ACTIVITY:
Go over the lines below, and when one contains the word "Travel", copy it.

[Records from a data source]
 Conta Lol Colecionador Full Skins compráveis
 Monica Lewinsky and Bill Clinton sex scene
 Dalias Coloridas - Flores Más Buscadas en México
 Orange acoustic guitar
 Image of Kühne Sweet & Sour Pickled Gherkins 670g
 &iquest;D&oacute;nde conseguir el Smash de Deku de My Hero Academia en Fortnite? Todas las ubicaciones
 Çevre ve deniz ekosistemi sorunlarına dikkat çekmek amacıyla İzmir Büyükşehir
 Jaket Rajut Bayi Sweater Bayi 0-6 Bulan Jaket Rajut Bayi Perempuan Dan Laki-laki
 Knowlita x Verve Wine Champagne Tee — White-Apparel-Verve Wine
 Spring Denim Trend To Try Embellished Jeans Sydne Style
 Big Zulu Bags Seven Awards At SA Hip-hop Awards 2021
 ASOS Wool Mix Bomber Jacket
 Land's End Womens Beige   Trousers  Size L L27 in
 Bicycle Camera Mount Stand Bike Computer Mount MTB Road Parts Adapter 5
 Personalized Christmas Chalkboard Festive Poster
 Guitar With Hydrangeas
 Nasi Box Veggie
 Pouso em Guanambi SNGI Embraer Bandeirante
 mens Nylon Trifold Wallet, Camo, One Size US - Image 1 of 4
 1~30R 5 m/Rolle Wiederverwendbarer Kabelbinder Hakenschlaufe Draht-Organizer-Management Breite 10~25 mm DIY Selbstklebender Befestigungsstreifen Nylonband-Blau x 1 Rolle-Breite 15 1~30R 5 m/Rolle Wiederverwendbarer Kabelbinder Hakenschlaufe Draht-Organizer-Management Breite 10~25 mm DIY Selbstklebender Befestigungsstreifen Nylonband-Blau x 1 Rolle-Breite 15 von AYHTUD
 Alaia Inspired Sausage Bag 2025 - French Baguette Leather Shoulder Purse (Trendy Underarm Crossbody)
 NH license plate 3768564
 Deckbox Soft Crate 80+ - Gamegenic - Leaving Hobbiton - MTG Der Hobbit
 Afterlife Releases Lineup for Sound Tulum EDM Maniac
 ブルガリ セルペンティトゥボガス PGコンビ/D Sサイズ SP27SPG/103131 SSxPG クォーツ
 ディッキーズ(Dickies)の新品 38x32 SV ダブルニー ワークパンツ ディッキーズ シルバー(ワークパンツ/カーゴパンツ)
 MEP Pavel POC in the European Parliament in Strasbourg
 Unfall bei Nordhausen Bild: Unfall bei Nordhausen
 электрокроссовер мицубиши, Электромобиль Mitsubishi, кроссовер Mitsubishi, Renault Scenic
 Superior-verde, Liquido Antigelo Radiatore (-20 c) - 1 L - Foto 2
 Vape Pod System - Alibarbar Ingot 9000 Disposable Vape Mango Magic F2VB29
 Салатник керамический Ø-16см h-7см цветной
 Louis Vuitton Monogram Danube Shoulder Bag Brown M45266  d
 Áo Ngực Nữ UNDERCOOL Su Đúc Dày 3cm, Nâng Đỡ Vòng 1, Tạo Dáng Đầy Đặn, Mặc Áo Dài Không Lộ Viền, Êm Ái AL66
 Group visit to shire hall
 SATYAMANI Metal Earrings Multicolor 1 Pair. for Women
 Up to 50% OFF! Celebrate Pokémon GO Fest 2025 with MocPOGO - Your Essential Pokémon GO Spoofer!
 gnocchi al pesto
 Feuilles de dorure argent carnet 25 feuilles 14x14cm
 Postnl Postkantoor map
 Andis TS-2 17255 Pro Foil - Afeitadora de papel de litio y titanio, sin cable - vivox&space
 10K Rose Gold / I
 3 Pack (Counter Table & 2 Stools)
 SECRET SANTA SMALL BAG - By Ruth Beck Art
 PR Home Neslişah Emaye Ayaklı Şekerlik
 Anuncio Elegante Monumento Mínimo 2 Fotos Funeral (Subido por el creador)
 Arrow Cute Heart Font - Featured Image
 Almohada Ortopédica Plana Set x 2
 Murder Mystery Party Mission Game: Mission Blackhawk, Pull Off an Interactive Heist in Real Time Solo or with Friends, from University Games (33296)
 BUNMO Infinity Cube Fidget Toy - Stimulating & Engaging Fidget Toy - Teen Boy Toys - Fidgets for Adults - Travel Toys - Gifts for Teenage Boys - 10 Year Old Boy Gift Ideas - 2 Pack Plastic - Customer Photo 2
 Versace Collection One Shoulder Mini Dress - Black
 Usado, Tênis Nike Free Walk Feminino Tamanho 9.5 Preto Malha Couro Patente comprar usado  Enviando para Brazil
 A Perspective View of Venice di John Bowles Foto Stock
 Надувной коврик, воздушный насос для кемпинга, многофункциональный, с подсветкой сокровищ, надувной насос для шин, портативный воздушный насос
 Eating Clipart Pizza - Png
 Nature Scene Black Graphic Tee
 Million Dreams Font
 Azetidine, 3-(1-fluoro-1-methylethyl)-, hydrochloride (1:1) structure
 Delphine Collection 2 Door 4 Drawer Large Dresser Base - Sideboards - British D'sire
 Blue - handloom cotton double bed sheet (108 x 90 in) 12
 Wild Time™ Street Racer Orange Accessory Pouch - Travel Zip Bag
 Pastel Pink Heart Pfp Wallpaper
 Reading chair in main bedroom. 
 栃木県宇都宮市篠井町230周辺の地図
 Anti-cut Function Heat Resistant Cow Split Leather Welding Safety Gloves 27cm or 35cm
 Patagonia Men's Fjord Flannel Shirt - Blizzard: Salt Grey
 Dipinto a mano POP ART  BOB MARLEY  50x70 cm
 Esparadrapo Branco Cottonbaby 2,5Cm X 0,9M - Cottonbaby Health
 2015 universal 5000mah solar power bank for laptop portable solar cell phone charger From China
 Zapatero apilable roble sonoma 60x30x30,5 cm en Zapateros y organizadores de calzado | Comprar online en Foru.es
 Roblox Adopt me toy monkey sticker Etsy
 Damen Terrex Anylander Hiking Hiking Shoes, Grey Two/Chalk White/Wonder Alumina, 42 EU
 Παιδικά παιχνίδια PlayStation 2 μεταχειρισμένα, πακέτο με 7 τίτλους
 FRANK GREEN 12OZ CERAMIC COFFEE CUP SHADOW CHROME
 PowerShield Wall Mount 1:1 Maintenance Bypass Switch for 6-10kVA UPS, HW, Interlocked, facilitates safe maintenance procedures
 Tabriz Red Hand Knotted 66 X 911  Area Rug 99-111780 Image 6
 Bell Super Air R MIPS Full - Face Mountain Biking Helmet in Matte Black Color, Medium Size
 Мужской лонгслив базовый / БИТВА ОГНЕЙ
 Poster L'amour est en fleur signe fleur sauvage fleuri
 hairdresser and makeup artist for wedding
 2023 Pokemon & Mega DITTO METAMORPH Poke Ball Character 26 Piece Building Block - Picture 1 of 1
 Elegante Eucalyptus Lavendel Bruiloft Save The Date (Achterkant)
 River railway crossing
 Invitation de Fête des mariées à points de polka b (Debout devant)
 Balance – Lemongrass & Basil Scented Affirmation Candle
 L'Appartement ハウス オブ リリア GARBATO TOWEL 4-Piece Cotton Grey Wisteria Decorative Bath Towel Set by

SOLUTION FOR THIS EXERCISE:
 BUNMO Infinity Cube Fidget Toy - Stimulating & Engaging Fidget Toy - Teen Boy Toys - Fidgets for Adults - Travel Toys - Gifts for Teenage Boys - 10 Year Old Boy Gift Ideas - 2 Pack Plastic - Customer Photo 2
 Wild Time™ Street Racer Orange Accessory Pouch - Travel Zip Bag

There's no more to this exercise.